Keitaro84
17th November 2022, 15:52
So I'm new to LN and I don't know all the constructs so I don't know if I'm doing it right.

I need to iterate over each character in a string but when I try to retrieve a special character it breaks.

string my.string (100)
long str.lenght

my.string = "aèiòu"
str.lenght = len(my.string)

| I was expecting a length of 5 but it is 11
for i = 1 to (str.lenght)
string characther
| If I try to get a special character like è or ò it fails
characther = my.string(i;i)
| TODO CODE
endfor


Is there a way to get every single character without causing that error?

Thank you

srkndnsn
18th November 2022, 09:25
Hi,

The error gives nothing, hard to understand anything but the special characters are multibyte(not 1, it is 2 byte) characters.

Best regards
Serkan

Keitaro84
18th November 2022, 11:19
I think I have found a solution, I share it in case it is useful to others.

string my.string (100)

my.string = "¼àè°òù§][*+ç£ç;.<abcd"

long arr.size
string arr.char(1,1) based

| populate the character array
for i = 1 to (len(strip$(my.string)))
long info, j, k
| if it returns 0 the character can be taken. Going into
| debug I noticed that before each special character there is a
| yes this type: -1 then invalid 188(¼) again -1 and then
| the special character (e.g. è). In case of the character ¼ la
| sequence is: -1 ¼ -1 ¼.
info = mb.char.info(my.string(i;1))
if(info eq 0) then
j = asc(my.string(i;1))
| if ¼ increase k because in case of special character ¼
| I need to be able to put it in the array
if(j eq 188) then
k = k + 1
endif
| check that it is different from ¼ or equal to ¼ ma
| repeated twice
if(j <> 188 or (j eq 188 and (k \ 2 = 0))) then
arr.size = arr.size + 1
alloc.mem(arr.char, 9, arr.size)
arr.char(1,arr.size) = my.string(i;1)
| I reset the counter by ¼
k = 0
endif
endif
endfor

free.mem(arr.char)

mark_h
18th November 2022, 14:08
I was wondering if it had to do with mb characters. I never had to mess with them - what I did with special characters was a little search and replace. But what I had to deal with was really simple. Thanks for posting the solution.

avpatil
18th November 2022, 15:23
You are doing
characther = my.string(i;i)
I think you should do
characther = my.string(i;1)

Keitaro84
21st November 2022, 09:31
Yes, I noticed that

characther = my.string(i;i)

it was wrong and had to be fixed in

characther = my.string(i;1)


but as srkndnsn says a special character is a multibyte so it errs if you try to get it with my.string(i;1)

andreas.toepper
23rd November 2022, 08:47
That’s because you did not declare my.strings as multibyte. I think if you do use

string my.string (100) mb

it should work.
But you can not use based with multibyte strings ("You cannot use multibyte strings in combination with the BASED mechanism"; quoted from the reference Guide, section "Multibyte strings").

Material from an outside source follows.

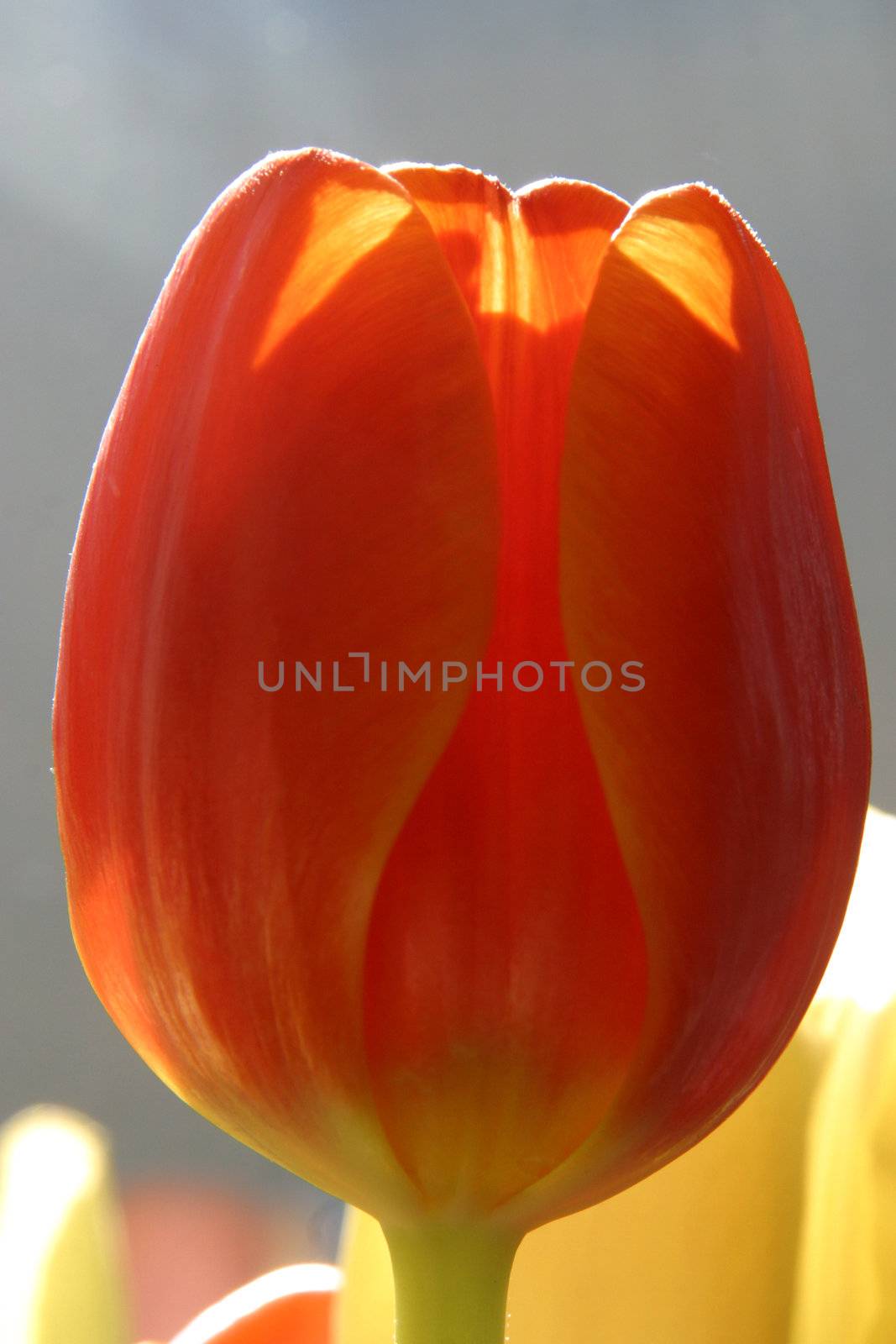 Colorful tulips in spring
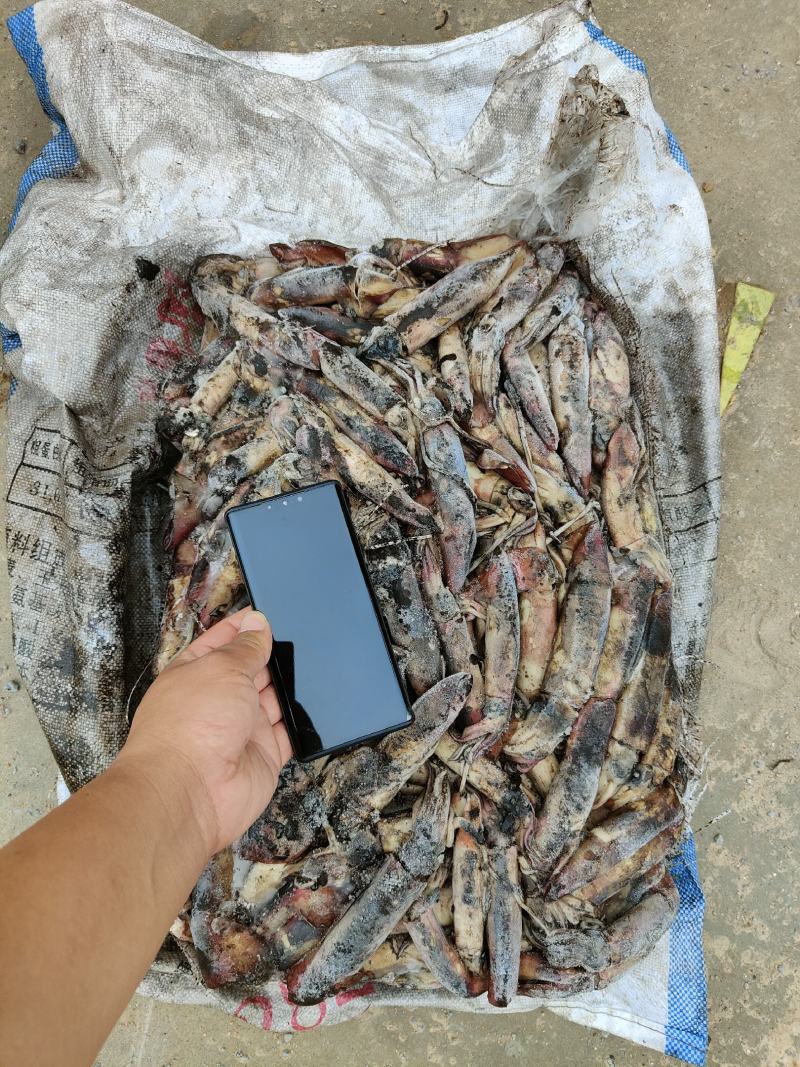 海南小鱿鱼60-100克今年的新货质量没的说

So you still will need to modify your script.

Working with a German LN setup, I sometimes need to filter German umlauts from strings. I will use something like this:

function domain tcmcs.str256m stripumlaute(domain tcmcs.str256m i.sern)
{
long i, did.it
domain tcmcs.str256m new.sern

new.sern = ""
for i = 1 to len(i.sern)
did.it = false
if i.sern(i;1) = "ß" then
new.sern = new.sern & "ss"
did.it = true
endif
if i.sern(i;1) = "Ä" then
new.sern = new.sern & "AE"
did.it = true
endif
if i.sern(i;1) = "Ü" then
new.sern = new.sern & "UE"
did.it = true
endif
if i.sern(i;1) = "Ö" then
new.sern = new.sern & "OE"
did.it = true
endif
if i.sern(i;1) = "ä" then
new.sern = new.sern & "ae"
did.it = true
endif
if i.sern(i;1) = "ü" then
new.sern = new.sern & "ue"
did.it = true
endif
if i.sern(i;1) = "ö" then
new.sern = new.sern & "oe"
did.it = true
endif
if not did.it then
new.sern = new.sern & i.sern(i;1)
endif
endfor

return(new.sern)
}

It's a simple character compare, but the characters itself are multibyte characters. (I prefer using multibyte string domains.)

Keitaro84
23rd November 2022, 12:42
Thanks a lot your suggestion was really helpful, I rewrote the function

function void array.characters(ref string arr(,), domain tcmcs.str999m str)
{
long i

for i = 1 to (len(strip$(str)))
long info
domain tcmcs.str1m character

character = str(i;1)
info = mb.char.info(character)

if(info eq 0 and character <> "") then
array.add(arr, character)
endif
endfor
}


I used it in this test function which does an alternating uppercase of a string

function void alternate.uppercase()
{
long i
string my.string (100), result (100)

my.string = "àbcdèfghìlmnòpqrstùvz"
result = ""

string arr.char(1,1) based
| populate the character array
array.characters(arr.char, my.string)

| alternate uppercase
for i = 1 to array.size(arr.char)
result = result & (i\2 <> 0 ? toupper$(trim$(arr.char(1,i))) : trim$(arr.char(1,i)))
endfor

free.mem(arr.char)
}

function void array.add(ref string arr(,), string value(999))
{
long size, lng
long nr.dims
long dim.array(4)

array.info(arr, nr.dims, dim.array)
size = dim.array(2)
lng = len.in.bytes(value)

alloc.mem(arr, lng > dim.array(1) ? lng : dim.array(1), size +1)
arr(1, size + 1) = value
}

function long array.size(ref string arr(,))
{
long nr.dims
long dim.array(4)

array.info(arr, nr.dims, dim.array)

return(dim.array(2))
}